One to the residential areas in the Kapise refugee camp, Mwanza, Malawi.
One to the residential areas in the Kapise refugee camp, Mwanza, Malawi. PHOTO: EPA

LISBON (BLOOMBERG) - More than 6,000 Mozambicans have fled to neighboring Malawi since mid-December to escape clashes between government forces and armed militants of the main opposition party Renamo, according to the United Nations High Commissioner for Refugees.

Most of the refugees are coming from the western coal-mining province of Tete, where government forces are battling armed militia of the Mozambique National Resistance, or Renamo, Tina Ghelli, UNHCR's spokeswoman for southern Africa, said by phone on Friday from Tshwane, the South African capital.

"The number of people fleeing Mozambique has been increasing because of the clashes between Renamo and government forces," Ghelli said.
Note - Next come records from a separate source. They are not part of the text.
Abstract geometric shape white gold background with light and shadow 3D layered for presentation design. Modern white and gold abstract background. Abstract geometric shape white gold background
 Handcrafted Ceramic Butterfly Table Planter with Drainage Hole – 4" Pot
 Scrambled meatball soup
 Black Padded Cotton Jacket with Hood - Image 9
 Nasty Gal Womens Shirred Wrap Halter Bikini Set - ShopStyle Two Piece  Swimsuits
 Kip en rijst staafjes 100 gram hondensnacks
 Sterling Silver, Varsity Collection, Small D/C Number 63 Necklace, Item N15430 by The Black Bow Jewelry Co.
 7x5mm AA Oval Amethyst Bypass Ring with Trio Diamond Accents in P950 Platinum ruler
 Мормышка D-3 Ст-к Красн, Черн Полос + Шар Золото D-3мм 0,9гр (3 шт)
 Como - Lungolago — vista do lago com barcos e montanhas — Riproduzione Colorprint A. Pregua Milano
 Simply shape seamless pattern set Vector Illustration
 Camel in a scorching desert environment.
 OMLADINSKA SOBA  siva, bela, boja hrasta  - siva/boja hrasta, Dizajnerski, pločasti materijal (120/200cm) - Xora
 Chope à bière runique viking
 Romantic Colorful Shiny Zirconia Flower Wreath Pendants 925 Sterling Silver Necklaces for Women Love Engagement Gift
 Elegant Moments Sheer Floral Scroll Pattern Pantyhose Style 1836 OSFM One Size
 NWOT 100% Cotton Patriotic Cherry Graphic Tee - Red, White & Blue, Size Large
Almost all of the new arrivals are staying at Kapise village, about 100 kilometers (62 miles) south of Malawi's capital, Lilongwe, UNHCR said in a statement on Thursday (Feb 18).

Mozambican government officials have visited Kapise at least three times since mid-January to discuss the possibility of returning the asylum seekers to Mozambique, according to the statement.

Renamo and the ruling Front for the Liberation of Mozambique, or Frelimo, fought a 16-year civil war that ended in 1992. Frelimo won the country's first democratic elections two years later. The party has ruled the southeast African nation of 26 million people since the country's 1975 independence from Portugal.

Sporadic clashes erupted in 2013 in central Mozambique, and a cease-fire was agreed in September the following year in time for elections the next month. Fighting flared again last year.

Mozambique is developing projects that could make it the third-largest exporter of liquefied natural gas.